Of course, I understand the difficulties and financial hardships OMS has had. No one is more mindful of that than I. And I don't begrudge a parish for Tabula Rasa changes that happen because of that.

However, simply being poor is no excuse for taking a hatchet to your interior. There's no justification for that. Absolutely none.

Not that it matters now; the damage is done. And today, OMS is a long, long way from 1867.

 

How's It Doing?

Poorly, since as of January 2013 it was consolidated with neighboring St. Ignatius of Loyola.

Not necessarily a surprising development, since the parish hadn't been particularly prosperous for a long time. It’s been twinned with St. Ignatius of Loyola for the past 10 years or so, and its attendance numbers had fluctuated between 100 and 200 during that time frame.

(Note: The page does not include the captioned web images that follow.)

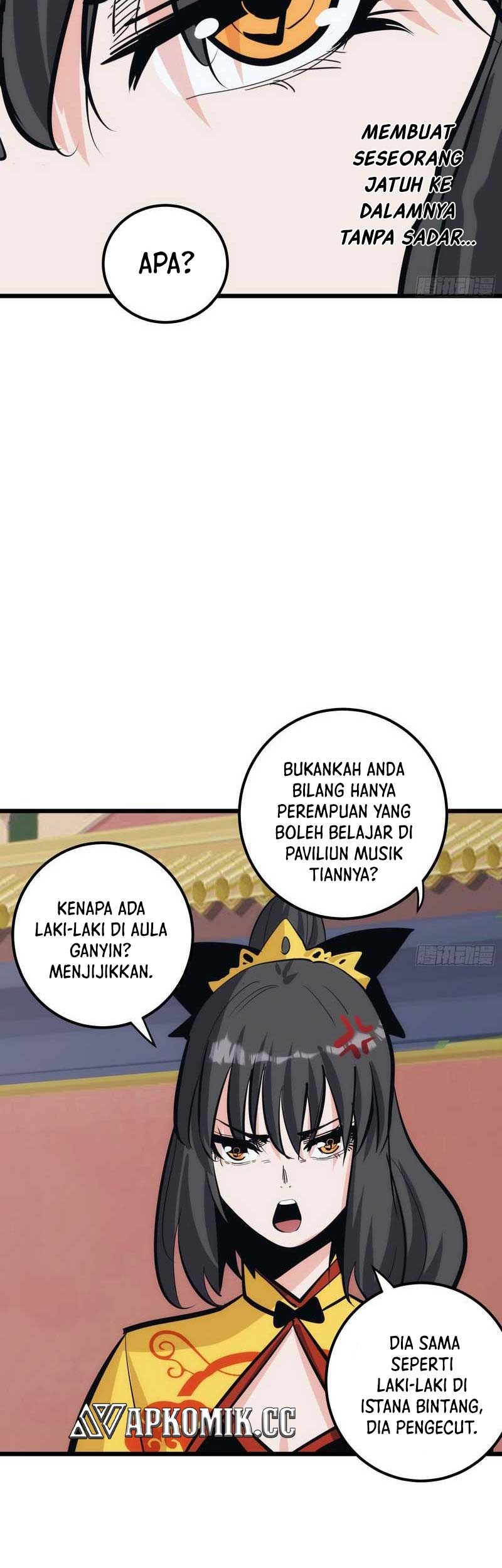 I am Self-disciplined And Invincible Chapter 31 - halaman 44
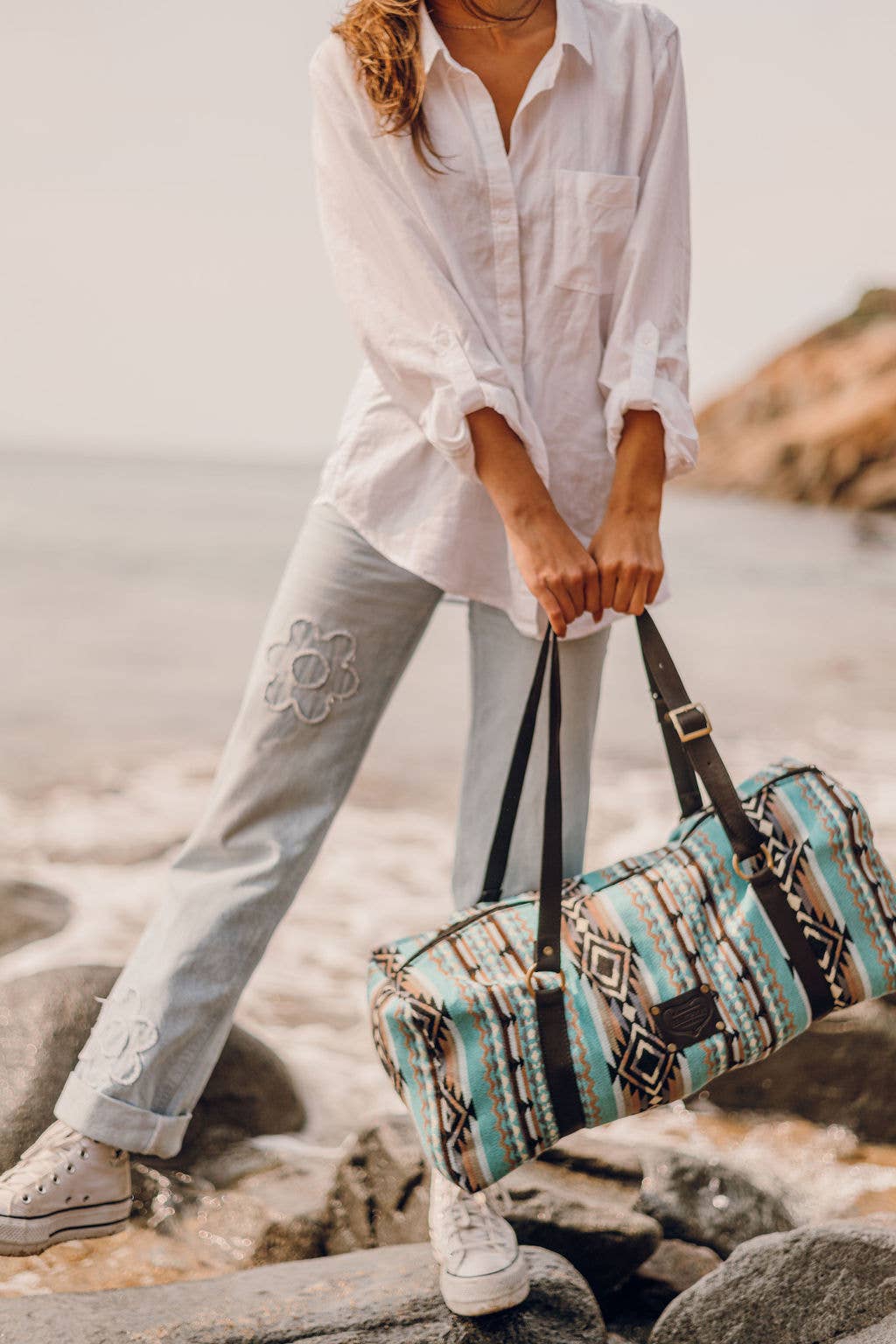 Weekend Traveller Bag - Ruta Del Sol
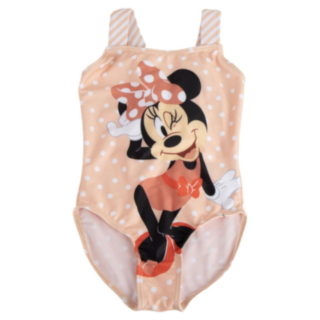 Minnie Mouse® Pilkullinen Uimapuku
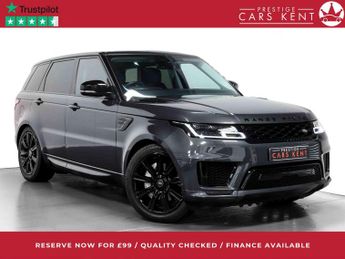 Land Rover Range Rover Sport 3.0 SD V6 HSE Dynamic SUV 5dr Diesel Auto 4WD Euro 6 (s/s) (306 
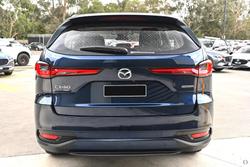2025 Mazda
CX-80 G40e Pure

Combine that with its less-than-prime location, decades of neglect, and a ton of physical wear and tear, and you had a pretty scuffling parish.

At the very least, the building will remain for a time as a worship site for St. Ignatius. Not that there's really much left to see, architecturally, but the people are pretty friendly and passionate:

 This parish couldn’t have had a more apt name.

 

Travel Tidbits

48th & Lancaster isn’t as bad as some areas we’ve seen. (It’s certainly got nothing on Camden.) It’s still very rundown, so proceed with your usual amounts of urban caution. That said, there’s plenty of parking in front of the church, so you shouldn’t have to walk anywhere.

Even better, OMS sits in front of a giant cemetery and faces a park, so you’re insulated somewhat from the surrounding neighborhood.

As far as getting there, it’s one of the easier trips. Early Sunday is a great time to travel, and I encountered no problems on my Expressway – City Ave. – Belmont Ave. route.

 

Interesting Note

As mentioned briefly above, OMS sits in front of a gigantic cemetery — aptly titled Cathedral Cemetery. Not surprising, I guess, since a lot of older-than-dirt parishes have them. None are this big, however, or as ornamental. It’s like a poor man’s Laurel Hill Cemetery.

(If you’ve been there, you know that’s the highest compliment I can pay. And if you haven’t been there, why the hell not?)

A grumbling post-mass stomach kept the Project from doing too much exploring, but what I saw was really nice. Take that into account if you decide to visit.

 

Image Gallery

 

The Final Word

There’s really no reason to go inside; the impressive exterior and cemetery are really all you need to see. Damn you, St. Cyprian Effect!